WHAT TO DO:
The expected answer holds every line from the first line of the data below through the line containing "No sushi sign, sushi", exactly as written, and no other line.

DATA LISTING:
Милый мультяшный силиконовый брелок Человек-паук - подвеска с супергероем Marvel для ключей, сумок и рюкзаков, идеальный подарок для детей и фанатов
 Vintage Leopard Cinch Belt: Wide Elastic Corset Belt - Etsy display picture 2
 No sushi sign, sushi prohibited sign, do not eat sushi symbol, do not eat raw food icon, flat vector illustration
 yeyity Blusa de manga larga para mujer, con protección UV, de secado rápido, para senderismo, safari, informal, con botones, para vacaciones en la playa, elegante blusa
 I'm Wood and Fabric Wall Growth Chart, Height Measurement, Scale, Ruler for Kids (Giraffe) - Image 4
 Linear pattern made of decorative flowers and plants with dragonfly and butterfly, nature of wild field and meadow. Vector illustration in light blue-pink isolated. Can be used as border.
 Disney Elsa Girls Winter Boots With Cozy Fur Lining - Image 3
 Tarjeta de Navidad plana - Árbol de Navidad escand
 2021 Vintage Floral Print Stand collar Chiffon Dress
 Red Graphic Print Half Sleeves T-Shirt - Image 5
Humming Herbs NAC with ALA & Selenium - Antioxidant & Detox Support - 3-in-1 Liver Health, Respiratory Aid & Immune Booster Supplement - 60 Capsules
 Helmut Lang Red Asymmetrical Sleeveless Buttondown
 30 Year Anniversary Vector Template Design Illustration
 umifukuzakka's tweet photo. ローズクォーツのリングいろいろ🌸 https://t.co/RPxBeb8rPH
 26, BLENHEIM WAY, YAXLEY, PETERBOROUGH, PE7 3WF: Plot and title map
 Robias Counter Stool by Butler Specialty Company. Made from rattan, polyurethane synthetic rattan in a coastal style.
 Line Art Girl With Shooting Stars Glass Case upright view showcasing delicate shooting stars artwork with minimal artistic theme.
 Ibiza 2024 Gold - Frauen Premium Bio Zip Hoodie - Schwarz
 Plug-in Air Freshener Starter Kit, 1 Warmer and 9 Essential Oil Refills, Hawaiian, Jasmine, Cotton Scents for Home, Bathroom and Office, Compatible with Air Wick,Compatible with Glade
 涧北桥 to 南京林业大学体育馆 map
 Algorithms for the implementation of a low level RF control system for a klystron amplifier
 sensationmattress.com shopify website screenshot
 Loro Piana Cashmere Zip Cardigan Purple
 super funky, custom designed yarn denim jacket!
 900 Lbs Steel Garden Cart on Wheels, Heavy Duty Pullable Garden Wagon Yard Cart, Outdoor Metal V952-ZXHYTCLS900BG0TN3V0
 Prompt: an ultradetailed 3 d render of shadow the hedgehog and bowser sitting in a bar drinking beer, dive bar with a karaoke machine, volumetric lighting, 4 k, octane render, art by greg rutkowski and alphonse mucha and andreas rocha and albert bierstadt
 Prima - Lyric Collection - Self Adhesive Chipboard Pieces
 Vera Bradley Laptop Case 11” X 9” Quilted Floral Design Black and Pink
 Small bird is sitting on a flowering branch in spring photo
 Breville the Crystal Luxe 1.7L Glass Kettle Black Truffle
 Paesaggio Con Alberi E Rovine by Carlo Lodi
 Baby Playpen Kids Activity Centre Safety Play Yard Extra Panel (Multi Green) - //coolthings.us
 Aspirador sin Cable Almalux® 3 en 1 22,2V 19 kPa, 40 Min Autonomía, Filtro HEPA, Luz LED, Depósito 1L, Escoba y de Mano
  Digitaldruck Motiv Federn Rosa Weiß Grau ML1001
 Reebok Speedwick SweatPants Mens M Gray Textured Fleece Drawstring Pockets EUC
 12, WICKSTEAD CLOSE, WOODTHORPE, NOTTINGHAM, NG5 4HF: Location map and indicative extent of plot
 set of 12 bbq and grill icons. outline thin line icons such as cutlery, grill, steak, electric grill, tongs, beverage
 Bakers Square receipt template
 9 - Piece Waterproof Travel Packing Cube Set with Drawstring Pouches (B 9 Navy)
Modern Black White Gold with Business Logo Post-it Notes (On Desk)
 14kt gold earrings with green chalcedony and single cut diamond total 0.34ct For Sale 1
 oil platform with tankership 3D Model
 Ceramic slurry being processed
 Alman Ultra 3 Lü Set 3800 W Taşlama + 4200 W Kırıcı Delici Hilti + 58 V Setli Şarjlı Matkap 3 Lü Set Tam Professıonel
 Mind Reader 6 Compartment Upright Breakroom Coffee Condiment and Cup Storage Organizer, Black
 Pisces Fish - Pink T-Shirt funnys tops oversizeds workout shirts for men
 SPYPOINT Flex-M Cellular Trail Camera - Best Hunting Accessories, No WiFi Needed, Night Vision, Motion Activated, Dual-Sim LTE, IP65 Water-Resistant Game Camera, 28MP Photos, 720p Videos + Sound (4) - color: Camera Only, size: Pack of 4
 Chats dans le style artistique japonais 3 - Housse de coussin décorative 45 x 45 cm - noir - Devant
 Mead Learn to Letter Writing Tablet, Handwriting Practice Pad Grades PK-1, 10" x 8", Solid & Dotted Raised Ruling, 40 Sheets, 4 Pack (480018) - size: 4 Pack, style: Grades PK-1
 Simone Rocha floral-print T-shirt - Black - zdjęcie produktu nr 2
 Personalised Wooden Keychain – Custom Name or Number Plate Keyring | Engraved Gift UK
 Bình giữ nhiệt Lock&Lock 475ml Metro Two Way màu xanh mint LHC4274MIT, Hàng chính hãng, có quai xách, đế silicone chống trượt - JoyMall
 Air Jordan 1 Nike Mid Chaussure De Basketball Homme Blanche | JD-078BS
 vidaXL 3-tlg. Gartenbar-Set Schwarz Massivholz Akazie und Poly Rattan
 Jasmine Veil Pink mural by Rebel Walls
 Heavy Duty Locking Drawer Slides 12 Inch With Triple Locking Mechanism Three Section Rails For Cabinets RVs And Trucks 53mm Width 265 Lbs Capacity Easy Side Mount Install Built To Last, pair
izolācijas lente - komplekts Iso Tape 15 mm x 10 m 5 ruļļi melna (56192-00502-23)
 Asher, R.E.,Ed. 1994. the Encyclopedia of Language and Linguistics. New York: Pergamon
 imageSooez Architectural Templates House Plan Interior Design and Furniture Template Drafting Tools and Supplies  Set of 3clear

TASK RESULT:
Милый мультяшный силиконовый брелок Человек-паук - подвеска с супергероем Marvel для ключей, сумок и рюкзаков, идеальный подарок для детей и фанатов
 Vintage Leopard Cinch Belt: Wide Elastic Corset Belt - Etsy display picture 2
 No sushi sign, sushi prohibited sign, do not eat sushi symbol, do not eat raw food icon, flat vector illustration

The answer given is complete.